2. Aims and Methodology

The objective of the present study is to present the development of a compatible, low cost and high accurate conservation remote sensing technology for the hygrothermal assessment of historic walls before and after the retrofit intervention to solve the above-mentioned issues, bridging the fields of electronics, building science and CH conservation. Given the specific needs of CH buildings, the proposed system—described in the next sections—intends to assure the compatibility with the historic buildings features, according to the international theories of retrofit in architecture [35,36]. Besides, the newly proposed method intends to reduce its cost (often considered expensive) and to guarantee continuously data storage and monitoring, even remotely; fails in data acquisition log system might compromise the study case. In parallel, a procedure for the application of this system in a historic and listed wall is presented, in order to overcome the gap in literature, guidelines and standards. In order to demonstrate its feasibility, this solution was recently implemented in-situ, in Palazzo Tassoni Estense, a Renaissance building located in Ferrara (Italy). This technology will allow the assessment of the wall “real conditions” and testing different thermal insulation materials (e.g., rock wool, wood fiber, and hemp) placed on the inner side.

The research methodology is structured in the following phases:

• Definition of the criteria for a CH compatible monitoring system settled by the restoration theories;
• Experimental set-up of the newly developed monitoring system, that considers: (i) Definition of the sensor test apparatus; (ii) installation of the monitoring system in the selected case study; (iii) data acquisition system; and (iv) economic evaluation.

A synthesis of the developed process for the definition and the installation of a CH compatible monitoring system is exhibited in Figure 1.

Through the development of this process, the authors are contributing to the international scientific community working on this field. An augmented number of scientific tests are expected (it is possible to be reproduced) and, due to its character, the method presents a unique opportunity for both onsite and laboratory measurements.
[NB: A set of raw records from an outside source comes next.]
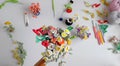 Woman hand hold handmade crochet product, bunch of colorful flower, beautiful artwork diy in leisure activity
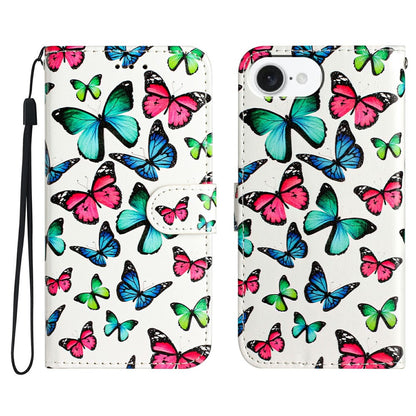 For iPhone 17e / 16e Wallet Case Printed Pattern Design Leather Phone Cover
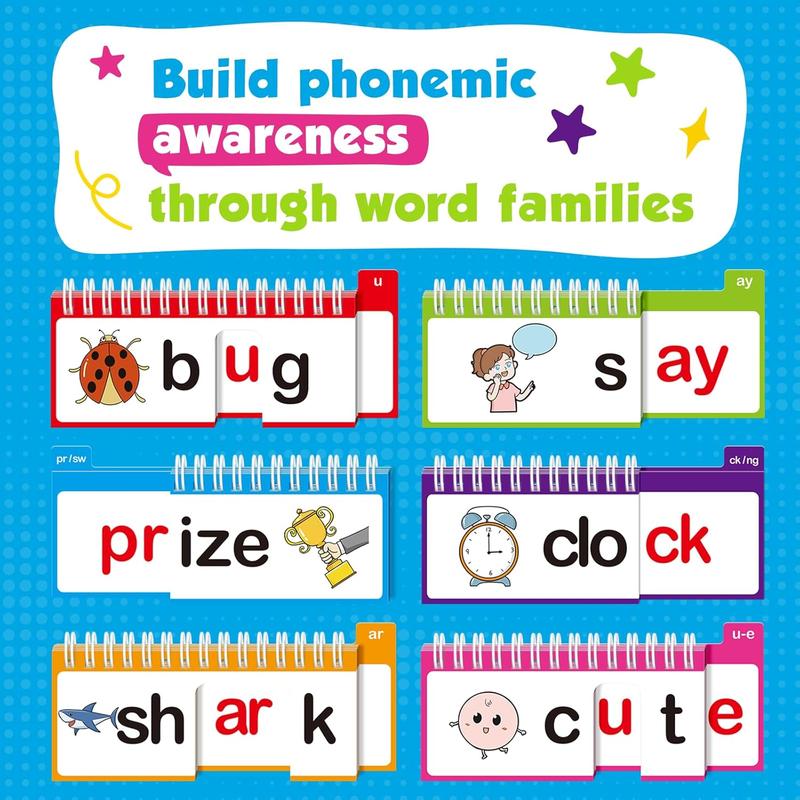🔥Last Day 50% OFF - 🔤40 Phonics Word Family Flip Books – Build, Read & Rhyme Learning Set📚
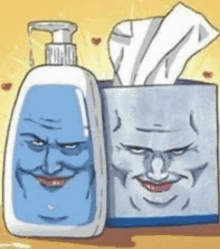 a bottle of soap and a box of tissues with faces drawn on them .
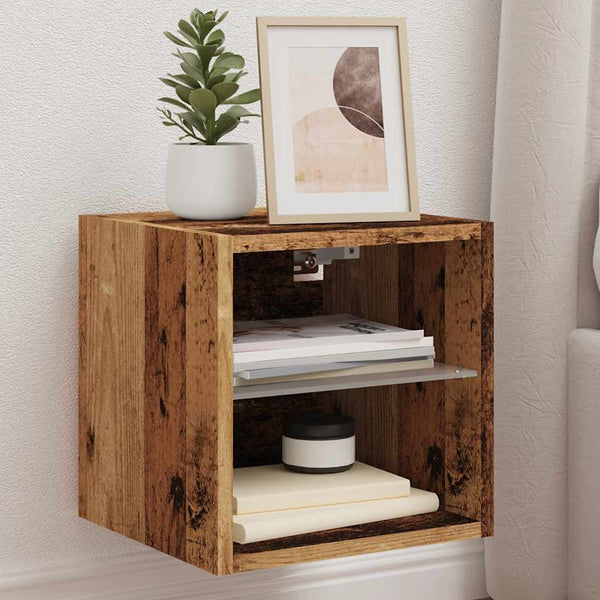 TV-seinäkaappi LED-valoilla vanhaa puuta 30x28,5x30 cm
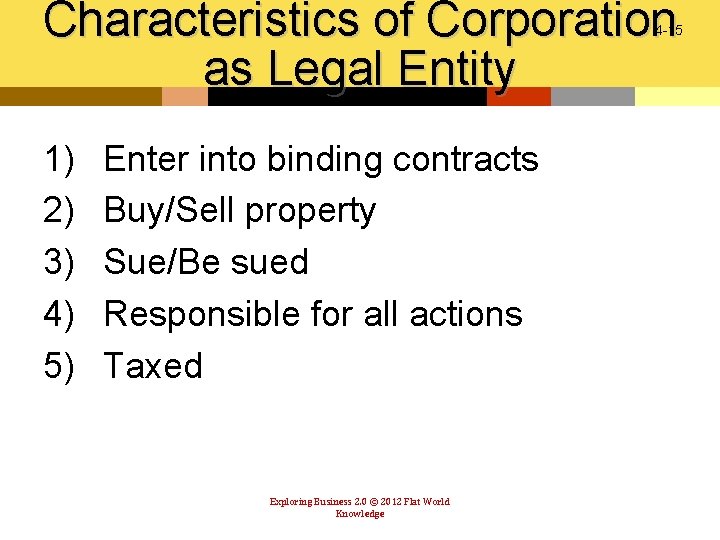 Characteristics of Corporation as Legal Entity 4 -15 1) 2) 3) 4) 5) Enter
3. Criteria for a CH Compatible Monitoring System

The definition of the monitoring systems on heritage substrates requires a multidisciplinary work referred to the field of: (i) Building physics; (ii) preventive conservation and damage process and (iii) electric engineering [7]. These measurements should carry out by specialized people, capable of investigating environmental fluctuations, in order to avoid the bias caused by operational errors or an inappropriate choice of sampling conditions or sensors [7,9,10]. Besides, the standard UNI EN 15758:2010 states that measurement on surfaces should be done only consulting a conservator to reduce their potential risks [33]. Unfortunately, in many cases, this activity is done by staff without specific knowledge on this specific topic [11]. Moreover, the standards [8,24,25,26,27,28,29,30,31,32] defines: (i) Skills and competencies of the personnel; (i) procedures for environmental monitoring. On the contrary, no procedures for contact monitoring are suggested, as well as no characteristics of the monitoring system are described. Similarly, as the specificity of the problems, the compatibility of these instruments with CH object is not introduced. Thus, a detailed study of monitoring systems and procedures for CH objects is needed. Particularly, the study on the requirements of the monitoring systems suitable for heritage objects considers:

• Conservation of cultural heritage;
• Reliability of the monitoring system;
• Economic costs;
• Ease of the equipment set up.

The criteria suggested by the restoration theories for preserving the identity of CH are: (i) “Distinguishability”; (ii) “compatibility”; (iii) “reversibility”; and (iv) “minimum intervention” [35,36]. Any intervention on a historic building should be distinguishable from the original and reversible in order to not falsify its artistic or historic evidence [35,36]. At the same time, the “(…) replacements of missing parts must integrate harmoniously with the whole” [36], in order to recognize the layering during the time. This concept refers to every type of renovation, i.e.,: Structural improvements, functional integrations or energy retrofit must be designed without introducing new elements [35].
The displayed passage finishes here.